This week my code finally has reached a state where everybody interested can
try it. After having implemented line breaking and fixing a few bugs
last week I implemented
the placement finder algorithm for point placements this week.
The placement finder is the component in Mapnik’s rendering stack which takes
a list of glyphs and their relative positions and calculates the positions these
glyphs should go to.
For point placements this isn’t terribly hard. You just place them next to each
other and make sure you get character spacing and rotation right. However the
old code to do this job was more than 150 lines long. The new code is only about
60 lines of code and it should be much faster.
The old code calculated the bounding box for each char and checked for collision
with other text. Now only the bounding box of all text together is used. For point
placements the difference between the sum of all individual bounding boxes
and the complete bounding box is usually very small.
Let’s have a look at some numbers: Assuming that there are already 20 text placements with
an average of 10 characters each and we are trying to place another one
we get this:
- Number of items in collision detector: 200
- Time (in arbitrary units) for a collision detector check: ln2(200) = 7.6
- Number of checks per placement: 10
- Total time: 76
- Number of items in collision detector: 20
- Time (in arbitrary units) for a collision detector check: ln2(20) = 4.3
- Number of checks per placement: 1
- Total time: 4.3
So the checking takes only 5% of the time it previously did.

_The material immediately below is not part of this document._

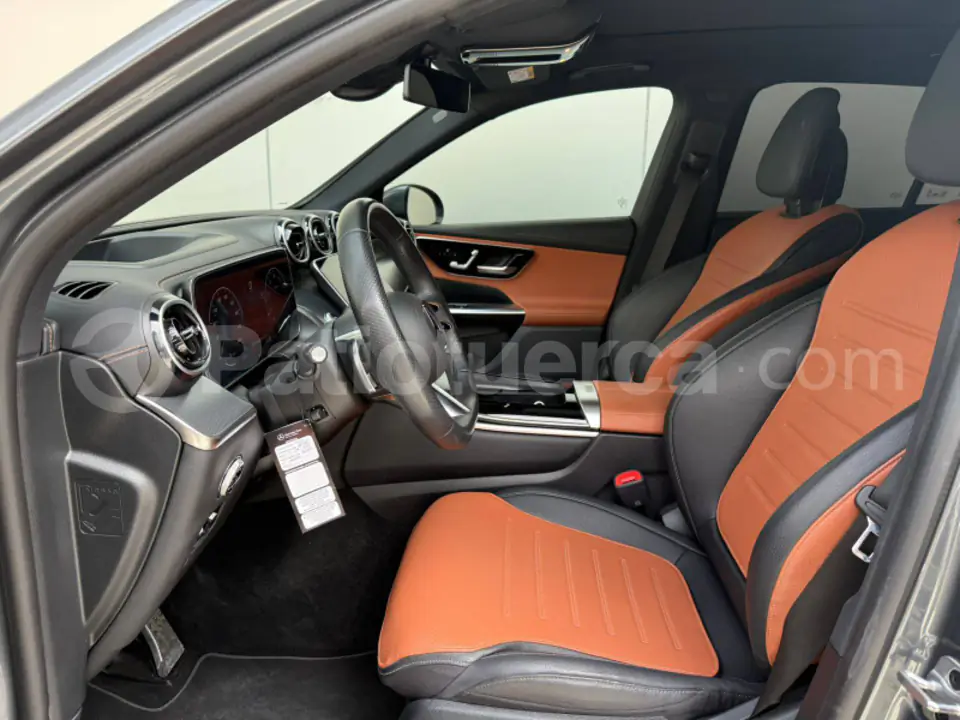 Foto 4 de Mercedes Benz GLC 300 AMG LINE PLUS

One other advantage of the new code is that it doesn’t explicitly handle
RTL text. This is done in earlier stages of the processing. The old code
assumed text was either completely LTR or RTL. Rendering text
with both directions could work, but didn’t always work.

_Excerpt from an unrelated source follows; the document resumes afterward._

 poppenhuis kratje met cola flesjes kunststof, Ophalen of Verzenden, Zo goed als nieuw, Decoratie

I also worked on line breaking again, fixing a few bugs - some of which were
interesting. For example, I noticed that when the first glyph of a string
is longer than the line length my code crashed. The problem here is that it asked
ICU’s break iterator for a break position before the first char and it returned
if there is none. As it turns out, the return value for a non-existent break is
INT_MAX-1 leading to an out-of-memory error.
I also implemented forced line breaks (via “\n” chars).

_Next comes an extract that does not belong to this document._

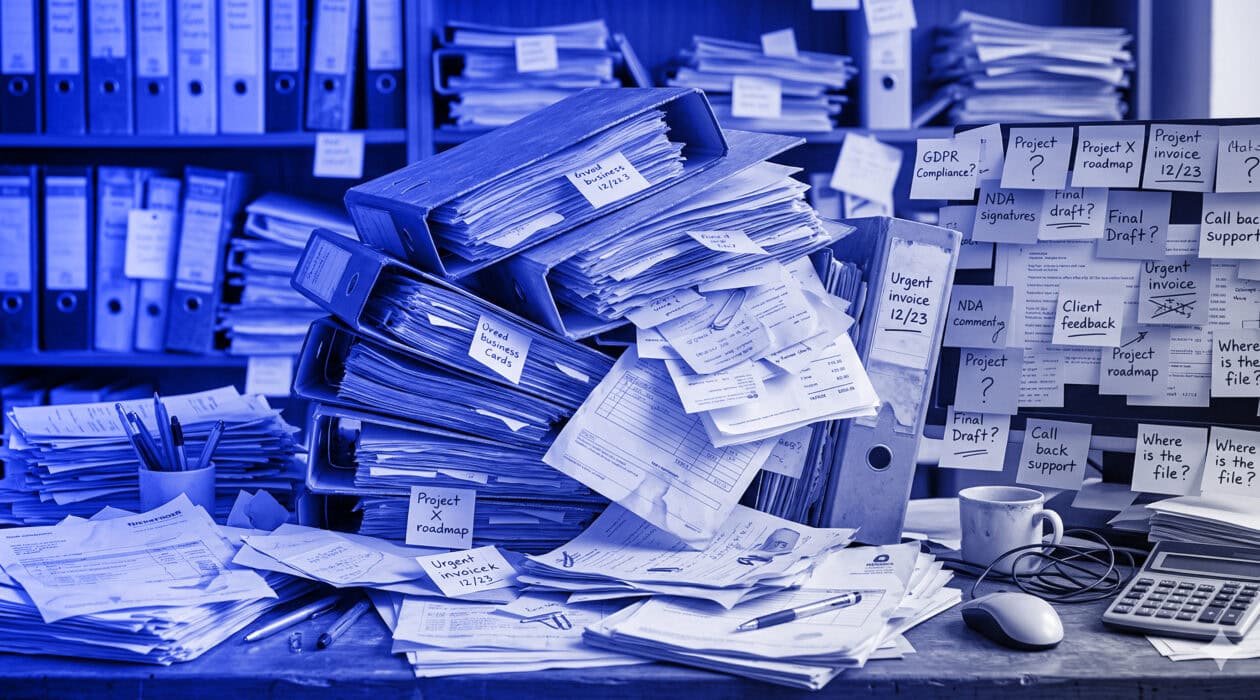 Chaos s dokumenty na stole, Vladan Hejnic v pozadí.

Most visual tests return similar results to the reference images, however
automatic testing fails because the images aren’t identical. HarfBuzz chooses
different (better) character positions than our simple approach in the old code
did. The rendering quality for small font sizes has drastically improved (see
also bug #1290):
If you look closely you will also notice that the character spacing is
distributed much better now.
I also discovered a bug in Mapnik master: RTL text is placed a the wrong position:
Distance should be at least 16 pixels
Left: old (wrong), right: new (correct)
Currently I’m working on adding a new symbolizer type which simply draws all
the collision detection bounding boxes. This should help verifying that the
calculations are actually correct and no annoying bugs turn up later.
After that I will work on adding line placements to placement finder. This is
not trivial but I will try to split the job into smaller parts so the code
is easy to understand and bugs are less likely.